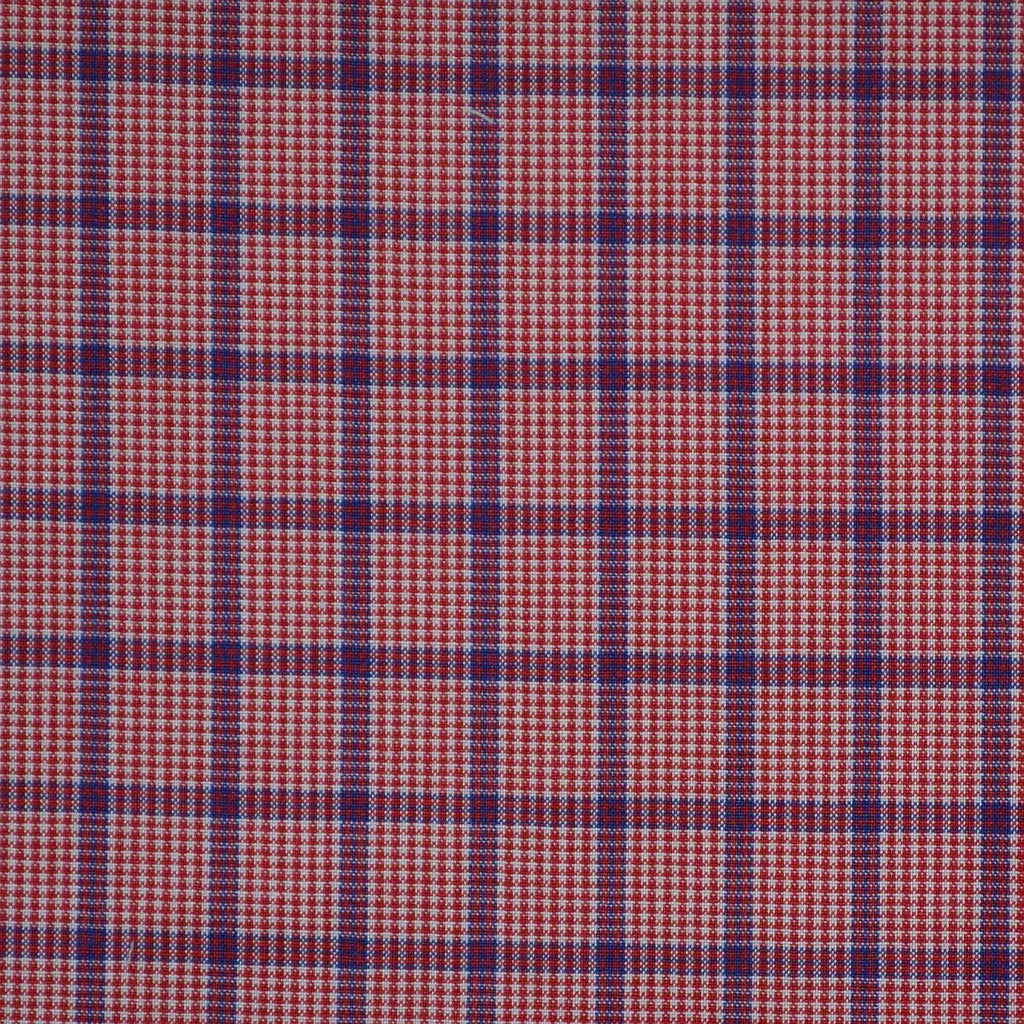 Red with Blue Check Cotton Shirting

==

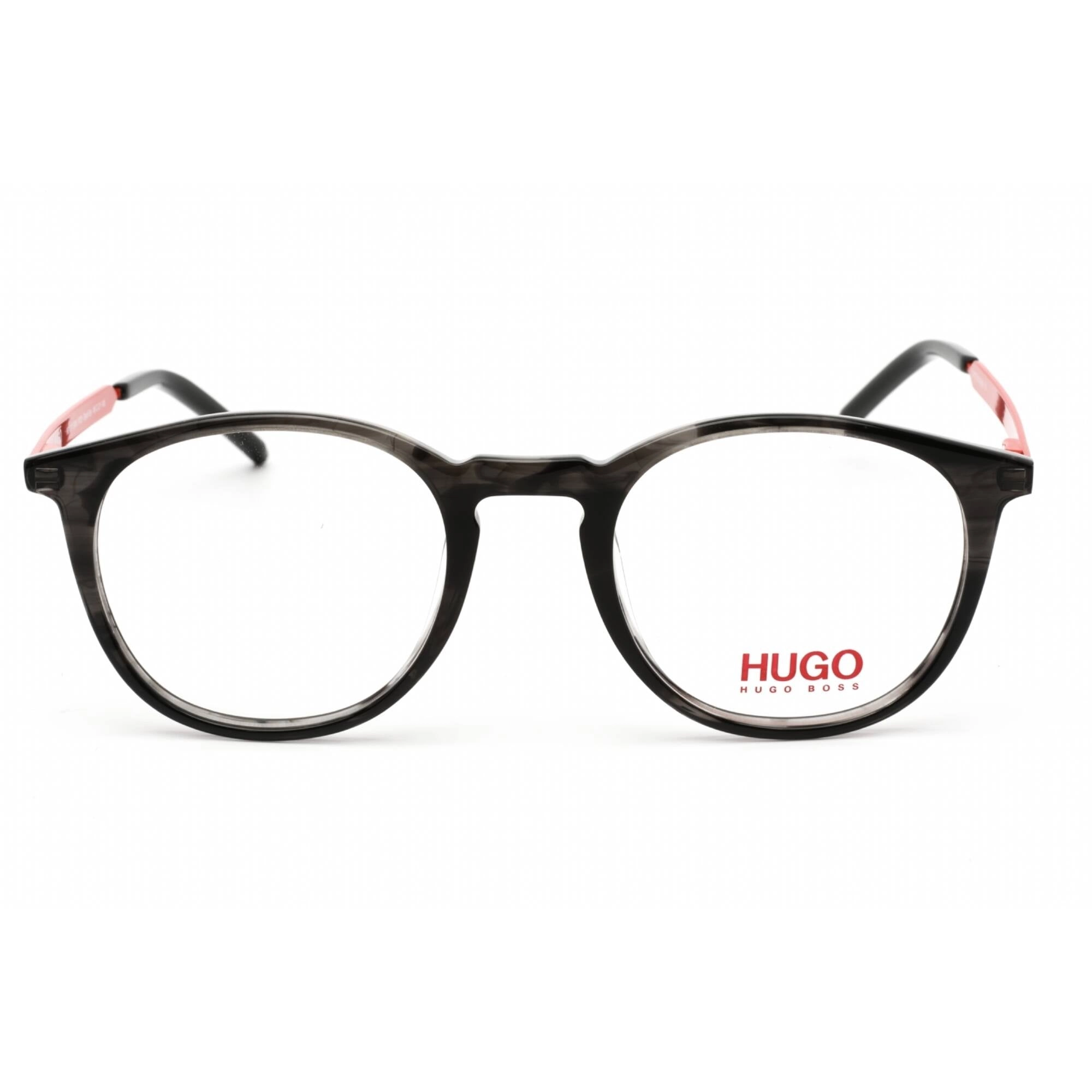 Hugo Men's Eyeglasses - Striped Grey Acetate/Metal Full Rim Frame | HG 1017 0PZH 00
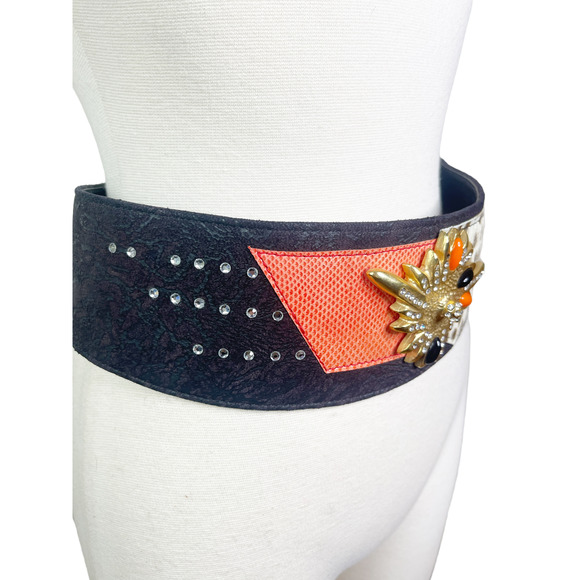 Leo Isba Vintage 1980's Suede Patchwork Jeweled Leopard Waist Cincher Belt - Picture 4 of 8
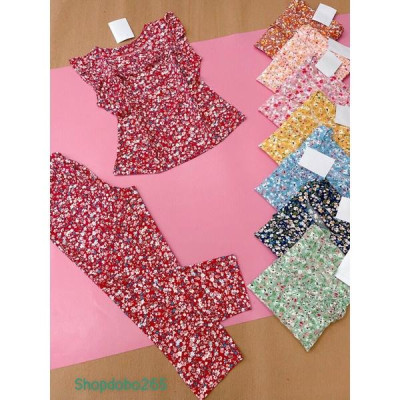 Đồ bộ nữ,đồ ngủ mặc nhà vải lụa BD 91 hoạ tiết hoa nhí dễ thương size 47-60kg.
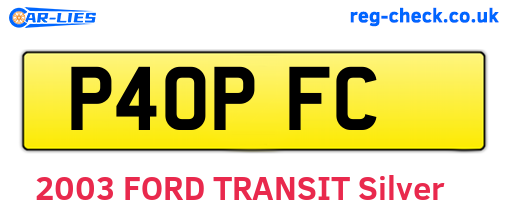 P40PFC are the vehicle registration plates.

==

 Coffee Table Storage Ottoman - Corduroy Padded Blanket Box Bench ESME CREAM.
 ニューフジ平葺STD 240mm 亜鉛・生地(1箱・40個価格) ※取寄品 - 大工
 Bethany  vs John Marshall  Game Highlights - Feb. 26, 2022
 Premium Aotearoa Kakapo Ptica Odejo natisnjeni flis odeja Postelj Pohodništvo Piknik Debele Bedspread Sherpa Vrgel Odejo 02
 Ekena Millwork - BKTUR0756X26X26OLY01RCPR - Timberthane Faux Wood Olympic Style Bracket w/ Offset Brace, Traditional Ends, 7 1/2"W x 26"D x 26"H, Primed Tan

**Aim of the task:** From the records above, copy only the lines running from the line containing "Đồ bộ nữ,đồ" to the line containing "P40PFC are the vehicle registration plates.", both ends included. Leave the pictures out.

**Solution to the problem:**
 Đồ bộ nữ,đồ ngủ mặc nhà vải lụa BD 91 hoạ tiết hoa nhí dễ thương size 47-60kg.
 P40PFC are the vehicle registration plates.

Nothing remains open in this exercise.